In a new report, the IFS outlines the scale of the cuts necessary to make the sums add up over the next five years, using an illustrative example.
It suggests Chancellor Kwasi Kwarteng could:
- increase working-age benefits in line with average earnings rather than inflation for two years to save £13bn
- limit public investment to 2% of national income, to save £14bn
- cut the budgets of every government department except health and defence by 15%, to save around £35bn
Mr Kwarteng and Prime Minister Liz Truss have argued focusing on measures to promote growth will help plug the shortfall between income and outgoings.
The chancellor has promised to set out further details of his economic strategy on 31 October, three weeks earlier than originally planned, alongside a full forecast from the official Office for Budget Responsibility (OBR).
That change of timetable came after the markets baulked at the strategy announced in last month's mini-budget.
It outlined large tax cuts and a huge package of support with energy costs without details of how they would be paid for, and without the usual assessment of their impact from the OBR.
The IFS, a politically independent economics-focused think tank, has published its own assessment of the chancellor's strategy, in what it names a Green Budget, after the consultation green papers issued in Parliament.
It calculates the chancellor would have to cut spending on benefits, public services, and investment sharply if he wants to stick to his commitment to balance the budget in the medium term, rather than see debt continuing to rise.

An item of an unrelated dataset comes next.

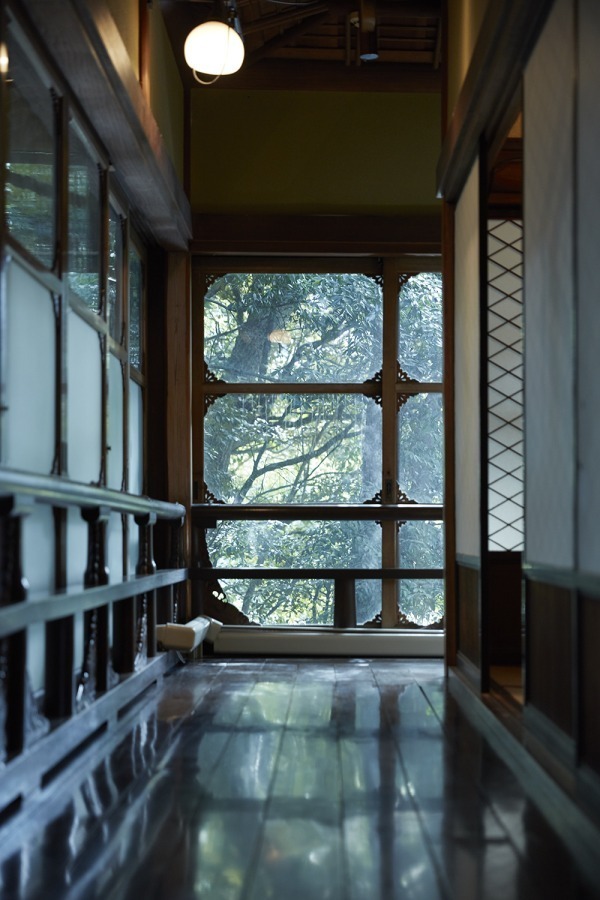 ホテル雅叙園東京「百段階段」特別展、荒木十畝の花鳥画などをモーショングラフィックスで解説｜写真6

IFS director Paul Johnson said: "The chancellor says he wants to get the public finances on a sustainable basis. It looks to us like that's going to mean tens of billions of pounds of spending cuts in order to achieve that.
"It's hard to see what other way out the chancellor has."
Mr Johnson said the country was not going into a period "with much fat to trim".
"One of the problems the government faces is we have had a decade and more of really tight spending settlements, we're still spending less on a lot of public services than we were just over a decade ago," he told BBC News.
Cutting public sector pay, benefits, education, justice and prisons would all be very difficult against that backdrop, he said.